Central Asia is a center for the illegal production
of local narcotics (above all, in the Fergana Valley). Also, it has
been the largest route for trafficking drugs of Afghan origin since
the breakup of the Soviet Union and the overthrow of the pro-Soviet
government. The drugs, partially accumulated in Russia, are brought
west to European Union countries.

Money from drug sales is a source of tremendous
illegal income for those involved. It is not distributed evenly.
Ordinary drug couriers often remain poor throughout their lives, as
their earnings are siphoned off on numerous relatives. However,
this “lumpen” stratum of drug traffickers is the largest and has a
considerable socio-political significance, especially in conditions
of the slow expansion of civil rights through “the controlled
democracy guided from above.”

“The drug-trafficking proletariat” cannot but have
natural reasons to sympathize with drug dealers, seeing in this
activity the only source of income. At the same time, this stratum
is the most explosion-prone. On the one hand, it regards the
government’s crackdowns on drug trafficking as encroachments on its
very existence. It is easy for drug barons to direct the
indignation of the local population against the authorities and
provoke “drug” or “color” revolutions.

On the other hand, the more educated stratum of
low-income residents rightfully see economic and social reforms as
the tool to combat drug trafficking, which might draw the
population of “the drug areas” away from criminal business. A lack
of such reforms generates discontent in the population too.

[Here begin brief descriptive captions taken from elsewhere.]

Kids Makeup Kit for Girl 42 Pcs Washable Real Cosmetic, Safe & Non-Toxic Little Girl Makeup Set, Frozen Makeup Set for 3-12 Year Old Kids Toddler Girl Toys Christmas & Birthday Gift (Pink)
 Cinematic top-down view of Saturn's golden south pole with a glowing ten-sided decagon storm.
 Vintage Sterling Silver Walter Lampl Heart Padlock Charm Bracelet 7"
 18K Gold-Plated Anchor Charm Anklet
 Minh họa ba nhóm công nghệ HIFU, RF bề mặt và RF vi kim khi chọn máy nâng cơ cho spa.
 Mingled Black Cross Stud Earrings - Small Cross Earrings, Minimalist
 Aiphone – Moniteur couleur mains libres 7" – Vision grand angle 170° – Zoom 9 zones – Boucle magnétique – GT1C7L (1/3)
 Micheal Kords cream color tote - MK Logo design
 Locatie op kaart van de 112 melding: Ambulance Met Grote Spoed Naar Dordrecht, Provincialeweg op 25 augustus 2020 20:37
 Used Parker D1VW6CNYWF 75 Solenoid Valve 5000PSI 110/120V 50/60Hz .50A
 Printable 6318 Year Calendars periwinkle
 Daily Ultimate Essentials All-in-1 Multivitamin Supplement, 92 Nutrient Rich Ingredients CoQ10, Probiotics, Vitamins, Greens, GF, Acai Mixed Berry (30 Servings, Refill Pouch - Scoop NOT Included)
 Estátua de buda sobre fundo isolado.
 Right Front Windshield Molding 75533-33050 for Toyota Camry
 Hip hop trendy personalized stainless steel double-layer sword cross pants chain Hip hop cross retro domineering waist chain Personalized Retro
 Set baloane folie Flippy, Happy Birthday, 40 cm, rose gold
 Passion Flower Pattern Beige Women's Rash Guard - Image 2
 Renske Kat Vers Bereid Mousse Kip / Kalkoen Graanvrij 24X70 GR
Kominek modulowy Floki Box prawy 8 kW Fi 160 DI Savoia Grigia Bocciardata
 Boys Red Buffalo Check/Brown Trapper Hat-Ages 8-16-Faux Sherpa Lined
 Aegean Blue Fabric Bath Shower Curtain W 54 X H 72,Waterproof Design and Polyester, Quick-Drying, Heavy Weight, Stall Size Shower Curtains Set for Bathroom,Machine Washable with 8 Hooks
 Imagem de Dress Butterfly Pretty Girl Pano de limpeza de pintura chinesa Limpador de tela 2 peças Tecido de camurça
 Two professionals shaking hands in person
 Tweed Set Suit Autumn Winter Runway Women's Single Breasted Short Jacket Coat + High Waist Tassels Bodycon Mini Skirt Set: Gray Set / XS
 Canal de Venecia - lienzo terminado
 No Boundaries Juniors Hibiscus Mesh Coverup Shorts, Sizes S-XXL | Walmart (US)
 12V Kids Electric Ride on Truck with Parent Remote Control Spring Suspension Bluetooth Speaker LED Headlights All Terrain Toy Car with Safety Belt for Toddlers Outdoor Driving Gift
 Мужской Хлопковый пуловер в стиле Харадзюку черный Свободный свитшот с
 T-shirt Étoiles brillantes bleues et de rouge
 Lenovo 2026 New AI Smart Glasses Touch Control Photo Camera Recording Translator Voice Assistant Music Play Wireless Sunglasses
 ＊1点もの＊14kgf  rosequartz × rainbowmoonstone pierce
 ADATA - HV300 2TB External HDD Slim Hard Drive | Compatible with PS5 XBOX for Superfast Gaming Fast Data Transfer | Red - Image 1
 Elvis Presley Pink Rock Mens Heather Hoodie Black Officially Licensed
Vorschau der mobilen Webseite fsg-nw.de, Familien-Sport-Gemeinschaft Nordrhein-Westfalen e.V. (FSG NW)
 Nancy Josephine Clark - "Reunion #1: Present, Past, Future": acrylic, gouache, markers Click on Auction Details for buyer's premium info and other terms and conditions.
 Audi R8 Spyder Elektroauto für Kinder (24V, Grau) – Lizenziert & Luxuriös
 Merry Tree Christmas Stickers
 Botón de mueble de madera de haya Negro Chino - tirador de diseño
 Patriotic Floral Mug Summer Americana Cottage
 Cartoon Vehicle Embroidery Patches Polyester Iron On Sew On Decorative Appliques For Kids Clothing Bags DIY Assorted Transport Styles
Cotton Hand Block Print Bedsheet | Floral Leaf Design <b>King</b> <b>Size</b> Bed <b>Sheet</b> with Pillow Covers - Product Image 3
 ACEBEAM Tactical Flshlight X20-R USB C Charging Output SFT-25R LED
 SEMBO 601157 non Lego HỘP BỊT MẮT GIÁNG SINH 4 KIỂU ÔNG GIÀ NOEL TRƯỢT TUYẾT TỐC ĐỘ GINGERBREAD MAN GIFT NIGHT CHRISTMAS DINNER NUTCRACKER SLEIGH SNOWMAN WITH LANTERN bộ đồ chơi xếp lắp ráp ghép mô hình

Both trends, amidst personal, political, clan and
other legal kinds of infighting – often invisible to analysts –
create a complex system of public and political interaction. The
difficulties in the internal development of the countries of the
region are seen in their foreign policies. The unstable Uzbek-Tajik
relations, the mutual suspicions between Tajikistan and
Afghanistan, the chronic confrontation between the authorities and
criminals in the Fergana Valley and the “throbbing” instability in
Kyrgyzstan defy an analysis beyond the context of the conflict role
of narcotics.

Control over drug-trafficking is a source of struggle
between the governments of Central Asian countries and criminal
groups, as well as between various drug cartels. “The drug factor”
and attempts by local criminal groups to usher their men into
Central Asian governments are part of the local political,
socio-economic and ideological setup.

Finally, the crucial feature of the regional
environment is that its problems are inseparable from the security
issues of Afghanistan, Pakistan and Iran. In Central Asia, this
inseparability is not committed to documents. It is rooted not in
cultures or values, but in geographic reality. Due to the specifics
of terrain in Central Asia and the Middle East, the distribution of
water resources and the ethnic mix, the contours of the political
borders, unlike in Europe, do not fit the political-geographic
interests of security of various countries.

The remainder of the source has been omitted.